Single by The Strokes

from the album Room on Fire
- B-side: "Modern Girls & Old Fashion Men"
- Released: February 9, 2004
- Recorded: 2003
- Genre: Indie rock; garage punk; post-punk revival;
- Length: 3:39
- Label: Rough Trade; RCA;
- Songwriter: Julian Casablancas
- Producer: Gordon Raphael

The Strokes singles chronology
| "12:51" (2003) | "Reptilia" (2004) | "The End Has No End" (2004) |

Music video
- "Reptilia" on YouTube

= Reptilia (song) =

2004 single by the Strokes

"Reptilia" is a song by American rock band the Strokes. It was released as the second single from their second studio album, Room on Fire (2003) on February 9, 2004. The song was written by Julian Casablancas and produced by Gordon Raphael. In the US, it peaked at number 19 on the Modern Rock Tracks chart. It fared better in the UK, where it reached number 17 on the UK Singles Chart and was certified gold by the British Phonographic Industry (BPI). The single cover depicts an alien from the video game Centipede.

The single's B-side was "Modern Girls & Old Fashion Men", a duet between the band's lead singer Casablancas and Regina Spektor. The release of the single was delayed slightly after Casablancas objected to the song being credited as "the Strokes and Regina Spektor", claiming that it should read "Regina Spektor and The Strokes".

In October 2011, NME placed "Reptilia" at number 129 on its list "150 Best Tracks of the Past 15 Years". In 2020, The Independent and Paste ranked the song number seven and number six, respectively, on their lists of the 20 greatest Strokes songs.
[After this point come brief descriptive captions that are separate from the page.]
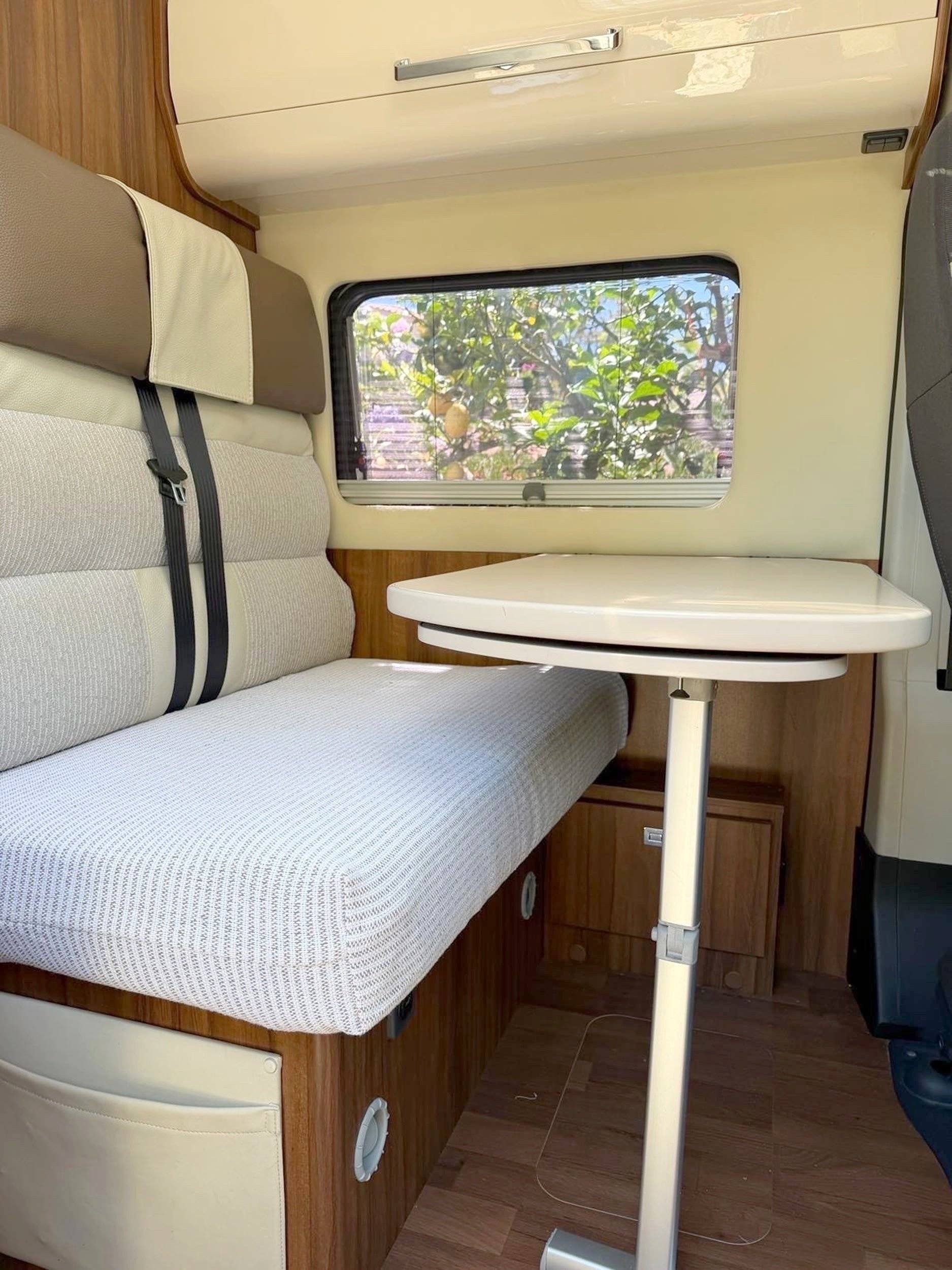 Karmann Mobil Fiat ducato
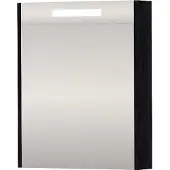 Proline SPK Premium Spiegelkast LED 60x14x74 cm Black Oak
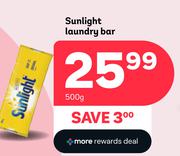 Sunlight Laundry Bar-500g
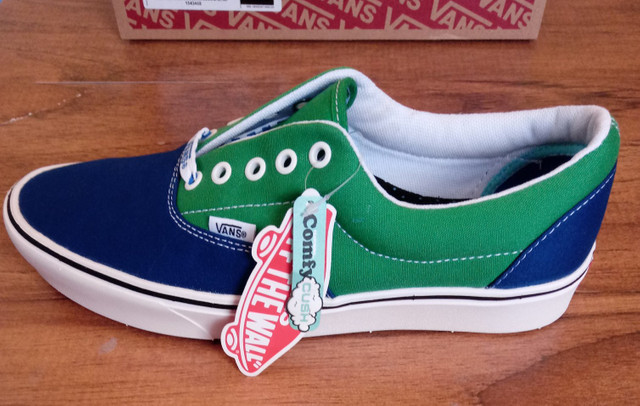 vans era comfycush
The song has appeared in the video games Guitar Hero III: Legends of Rock, Guitar Hero Live, and Rock Band.

==Music video==
The music video for the song was their first that was not directed by Roman Coppola. Instead they chose Jake Scott to shoot the video, which features close shots of the band members' faces, hands, and instruments while performing the song.

==Track listing==

| No. | Title | Length |
|---|---|---|
| 1. | "Reptilia" | 3:41 |
| 2. | "Modern Girls & Old Fashion Men" (Regina Spektor and The Strokes) | 3:40 |

==Personnel==
- Julian Casablancas – vocals
- Albert Hammond, Jr. – guitar
- Nick Valensi – guitar
- Nikolai Fraiture – bass
- Fabrizio Moretti – drums

==Charts==

===Weekly charts===

Weekly chart performance for "Reptilia"
| Chart (2004) | Peak position |
|---|---|
| Australia (ARIA) | 68 |
| Canada (Nielsen SoundScan) | 19 |
| Scotland Singles (OCC) | 17 |
| UK Singles (OCC) | 17 |
| UK Indie (OCC) | 2 |
| US Alternative Airplay (Billboard) | 19 |

===Year-end charts===

Year-end chart performance for "Reptilia"
| Chart (2004) | Position |
|---|---|
| US Modern Rock Tracks (Billboard) | 78 |

==Certifications==

Certifications for "Reptilia"
| Region | Certification | Certified units/sales |
| Australia (ARIA) | Gold | 35,000^{‡} |
| Italy (FIMI) | Gold | 50,000^{‡} |
| New Zealand (RMNZ) | Platinum | 30,000^{‡} |
| Portugal (AFP) | Gold | 20,000^{‡} |
| Spain (Promusicae) | Platinum | 60,000^{‡} |
| United Kingdom (BPI) | Platinum | 600,000^{‡} |
| United States (RIAA) | Platinum | 1,000,000^{‡} |
^{‡} Sales+streaming figures based on certification alone.